Cuban migrant landings continue in the Keys. This time, five people made it on a raft

Cuban migrants continue to reach the Keys by sea, despite the danger of using makeshift boats across the Florida Straits coupled with the strong likelihood that if they make it to land, they will be sent back.

Early Tuesday morning, five Cubans on a homemade raft landed in Key West, the U.S. Border Patrol said.

The group arrived by the Southernmost Point marker, the tourist landmark that resembles a giant buoy at Whitehead and South streets. They said they left Artemisa, Cuba, the day before, said Border Patrol spokesman Adam Hoffner.

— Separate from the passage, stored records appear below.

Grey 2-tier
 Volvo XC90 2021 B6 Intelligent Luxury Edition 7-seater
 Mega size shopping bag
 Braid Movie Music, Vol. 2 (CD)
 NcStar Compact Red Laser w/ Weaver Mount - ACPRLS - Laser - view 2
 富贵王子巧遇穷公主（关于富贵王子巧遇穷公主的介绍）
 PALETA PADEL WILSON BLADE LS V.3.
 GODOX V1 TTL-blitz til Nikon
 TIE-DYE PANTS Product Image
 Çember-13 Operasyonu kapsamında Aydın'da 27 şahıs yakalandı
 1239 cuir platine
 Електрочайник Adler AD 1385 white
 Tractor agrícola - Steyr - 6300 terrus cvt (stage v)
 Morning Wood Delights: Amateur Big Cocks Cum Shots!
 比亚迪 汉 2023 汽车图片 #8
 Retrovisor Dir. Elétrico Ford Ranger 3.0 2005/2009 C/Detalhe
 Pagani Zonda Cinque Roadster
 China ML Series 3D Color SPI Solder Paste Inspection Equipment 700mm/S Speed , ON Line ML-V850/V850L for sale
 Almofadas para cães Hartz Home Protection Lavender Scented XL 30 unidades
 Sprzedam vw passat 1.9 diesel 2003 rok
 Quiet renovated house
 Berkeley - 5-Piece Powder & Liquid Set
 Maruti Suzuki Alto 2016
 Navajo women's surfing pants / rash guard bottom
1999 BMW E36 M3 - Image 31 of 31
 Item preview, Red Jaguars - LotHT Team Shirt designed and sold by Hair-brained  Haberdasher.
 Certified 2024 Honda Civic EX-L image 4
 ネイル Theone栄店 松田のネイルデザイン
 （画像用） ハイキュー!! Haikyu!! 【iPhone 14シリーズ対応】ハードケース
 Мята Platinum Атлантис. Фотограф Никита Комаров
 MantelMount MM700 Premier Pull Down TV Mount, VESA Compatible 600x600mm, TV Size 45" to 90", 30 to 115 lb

“Members of the group were interviewed and processed for removal proceedings,” Hoffner said in an email.

So far in October, Border Patrol have reported five Cuban migrant landings in the Keys totaling 60 people. That number includes 20 people who landed near Grassy Key on Oct. 17.

On Oct.. 7, 2021, 13 Cuban migrants made landfall on this homemade wooden vessel on Big Pine Key, U.S. Border Patrol said.
On Oct.. 7, 2021, 13 Cuban migrants made landfall on this homemade wooden vessel on Big Pine Key, U.S. Border Patrol said.

On Oct. 10, 17 Cubans arrived in Key West near Smathers Beach. A local man videotaped them wading in the ocean toward the seawall, where police officers and others waited to pull each one up to safety.

These migration attempts spiked in 2021, with the Coast Guard reporting stopping 838 Cuban migrants. A year earlier, the number was only 49.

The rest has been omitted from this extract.